DNA from tumour samples was labelled with Spectrum-Green (Vysis Inc., Chicago, IL, USA), and normal male DNA was labelled with Spectrum-Red (Vysis Inc.) using the nick-translation method. Labelled tumour DNA (400 ng) and normal DNA (200 ng), together with 10 μg of unlabelled Cot-1 DNA (Vysis Inc.) were collected and precipitated with 2.5 volumes of 100% ethanol after the addition of 3 M sodium acetate at 1/10 the volume. The DNA was pelleted by centrifugation at 14,000 rpm for 30 min. The pellet was then washed in 70% ethanol and centrifuged at 14,000 rpm for 5 min to separate the supernatant. The pellet was resuspended with 7 μL of CGH hybridization buffer and 3 μL of purified H2O, denatured at 73°C for 5 min, and then applied to normal lymphocyte metaphase preparations. Prior to hybridization, the metaphase preparations were denatured at 73°C for 5 min in a denaturation solution (70% formamide and 2× standard saline citrate [SSC], pH7), dehydrated in a graded series of ethanol (70, 85 and 100%), and placed on a 37°C slide warmer. The hybridization was conducted at 37°C for 48 h. After hybridization, the slides were washed thrice in 50% formamide/2 × SSC, pH7, once in 2 × SSC at 45°C followed by PN buffer [0.1 M NaH2PO4, 0.1 M Na2HPO4, 0.1% Nonidet P-40], and finally in distilled water at room temperature, each for 5 min. Then, after being air-dried, the slides were counterstained with 4′,6-diamidino-2-phenylindole in an antifade solution (Vysis Inc.), and a coverslip was placed on each hybridization location.

Digital image analysis

Three single-colour images (matching 4′,6-diamidino-2-phenylindole, fluorescein isothiocyanate, and Texas red fluorescence) were collected from each metaphase spread using a cooled charge-coupled device (CCD) camera (KX85, APOGEE, USA). Relative DNA sequence copy number changes were detected by analysing the hybridization intensities of tumour DNA and normal DNA along the length of all the chromosomes in the metaphase spread, as described previously. Each chromosome was analysed using FISH-CGH for Optimas (Optimas Corporation). The absolute fluorescence intensities were normalized so that the average ratio of green to red fluorescence for all chromosome objects in each metaphase was 1:0. The green-to-red ratio was calculated in each image. A ratio <0.8 was evaluated as a loss, whereas a ratio >1.2 was regarded as a gain in the tumour genome. Amplification were defined by a ratio >1.4.

Statistical analysis

The data were analysed with Student’s t test, and the χ 2 test or Fisher’s exact test. Differences with a value of P<0.05 were considered to be significant.

Results

Relations between histological-type and the phenotypic marker expression of the tumour

The relations between histological-type and the phenotypic marker expression of the tumour are shown in Table 2. HGM-negative, HGM-positive, MUC6-negative, MUC6-positive, MUC2-negative, MUC2-positive, CD10-negative and CD10-positive tumours composed 57.9, 33.3, 55.0, 35.7, 41.2, 52.9, 42.1 and 53.3% of differentiated-type tumours, respectively; and 42.1, 66.7, 45.0, 64.3, 58.8, 47.1, 57.9 and 46.7% of mixed-type tumours, respectively. There was no significant association between the histological-type tumours and the expressions of HGM, MUC6, MUC2 or CD10. The G-, GI-, I-, and UC-phenotype tumours composed 11.1, 66.7, 57.1 and 50.0% of differentiated-type tumours, respectively; and 88.9, 33.3, 42.9 and 50.0% of mixed-type tumours, respectively. G-phenotype tumours were significantly associated with a higher incidence of mixed-type tumours, compared with the GI- and I-phenotype (P=0.0498 and P=0.0397).
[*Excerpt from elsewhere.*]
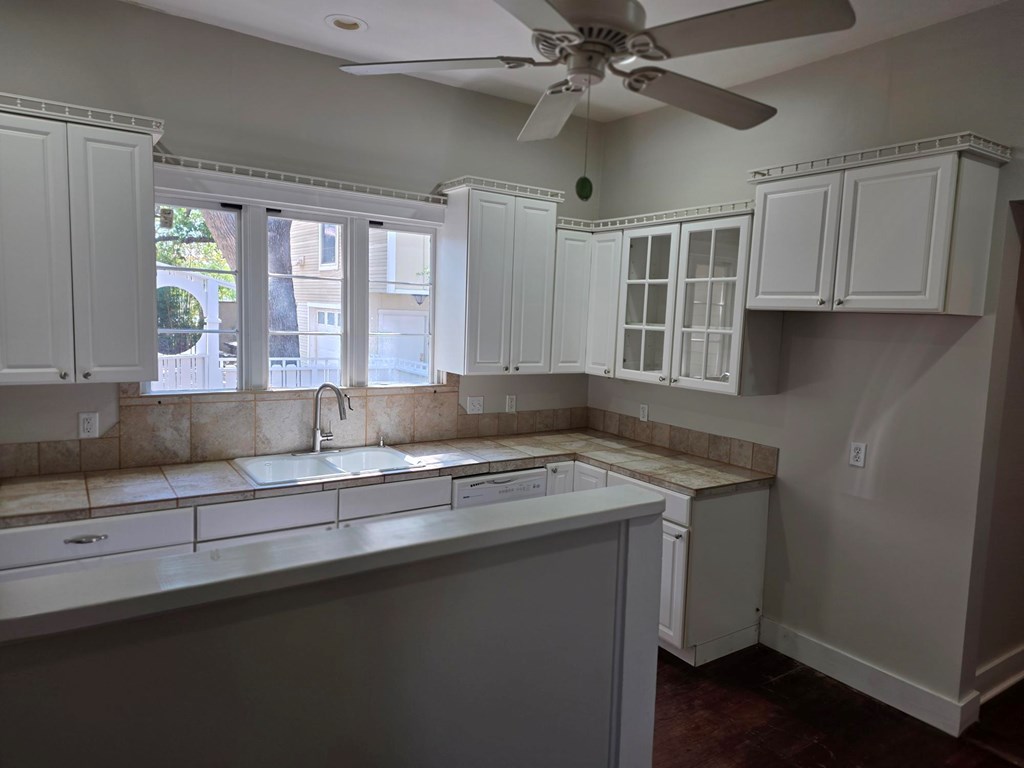 109 West Travis Street, Unit MH Fredericksburg, TX 78624 - Photo 17 of 24 a kitchen with a sink and a window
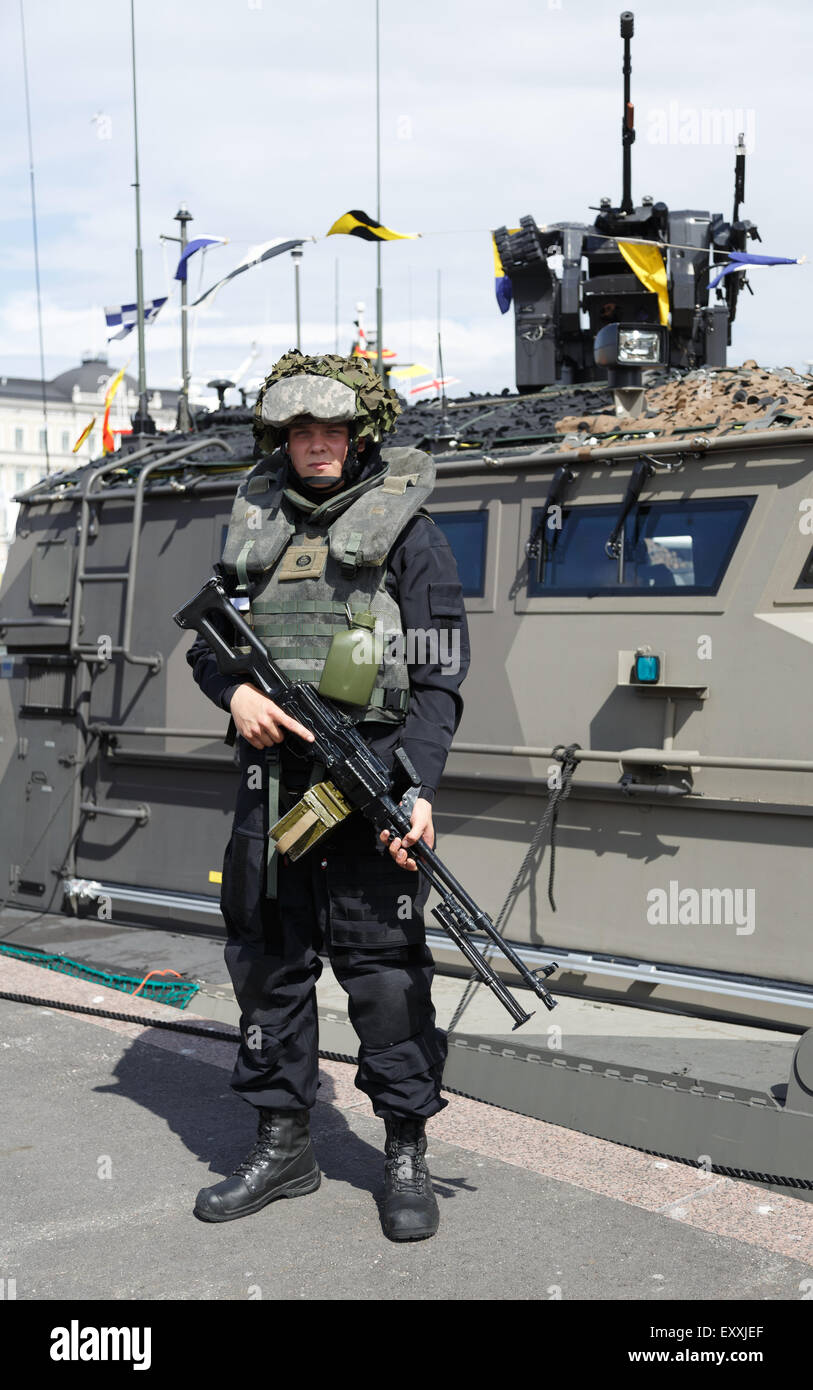 Coastal Jaeger de la marine finlandaise posant avec sa mitraillette en face d'une classe-Jéhu transports bateau sur la Journée de la Marine. Banque D'Images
Table 2 Relations between the histological type and the phenotypic marker expression of the tumour

Relations between expressions of E-cadherin and β-catenin and the phenotypic marker expression of the tumour

The relations between expressions of E-cadherin and β-catenin and the phenotypic marker expression of the tumour are shown in Table 3. Abnormal expressions of E-cadherin in HGM-negative, HGM-positive, MUC6-negative, MUC6-positive, MUC2-negative, MUC2-positive, CD10-negative and CD10-positive tumours were observed in 21.1, 66.7, 35.0, 50.0, 29.4, 52.9, 42.1 and 40.0%, respectively. The expression of HGM was significantly associated with a higher incidence of tumours with abnormal expressions of E-cadherin (P=0.0135). Abnormal expression of β-catenin in HGM-negative, HGM-positive, MUC6-negative, MUC6-positive, MUC2-negative, MUC2-positive, CD10-negative and CD10-positive tumours were observed in 47.4, 26.7, 45.0, 28.6, 35.3, 41.2, 26.3 and 53.3%, respectively. There was no significant association between the abnormal expression of β-catenin and expressions of HGM, MUC6, MUC2 or CD10. Abnormal expressions of E-cadherin in G-, GI-, I-, and UC-phenotype tumours were observed in 33.3, 77.8, 21.4 and 50.0%, respectively. GI-phenotype tumours were significantly associated with a higher incidence of tumours with abnormal expression of E-cadherin, compared with I-phenotype tumours (P=0.0131). Abnormal expressions of β-catenin in G-, GI-, I-, and UC-phenotype tumours were observed in 22.2, 44.4, 42.9 and 50.0%, respectively. There was no significant association between the abnormal expression of β-catenin and the phenotypic marker expression pattern of the tumour.

Table 3 Relations between abnormal expressions of E-cadherin and β-catenin and the phenotypic marker expression of the tumour

Chromosomal changes in 34 gastric carcinomas

The summary of CGH results in 34 gastric cancers is shown in Table 4. The most frequently gained chromosomal regions in 34 gastric cancers (>40% of all tumours) were 6p (52.9%), 7p (55.9%), 7q (55.9%), 8q (61.8%), 12q (44.1%), 13q (47.1%), 16p (44.1%), 17q (50.0%), 19q (64.7%), 20p (44.1%) and 20q (70.6%); The most frequently lost (>20% of all tumours) chromosomal regions were 4q (23.5%) and 18q (34.3%). With respect to the relations between chromosomal changes and the phenotypic marker expression of the tumour, significant differences were found in gains of 5q (CD10-negative vs CD10-positive, P=0.0282), 18q (CD10-negative vs CD10-positive, P=0.0113) and loss of 18q (MUC6-negative vs MUC6-positive, P=0.0311). With respect to the relations between chromosomal changes and the phenotypic marker expression pattern of the tumour, I-phenotype tumours were significantly associated with the gain of 20p, compared with G-phenotype tumours (P=0.0288).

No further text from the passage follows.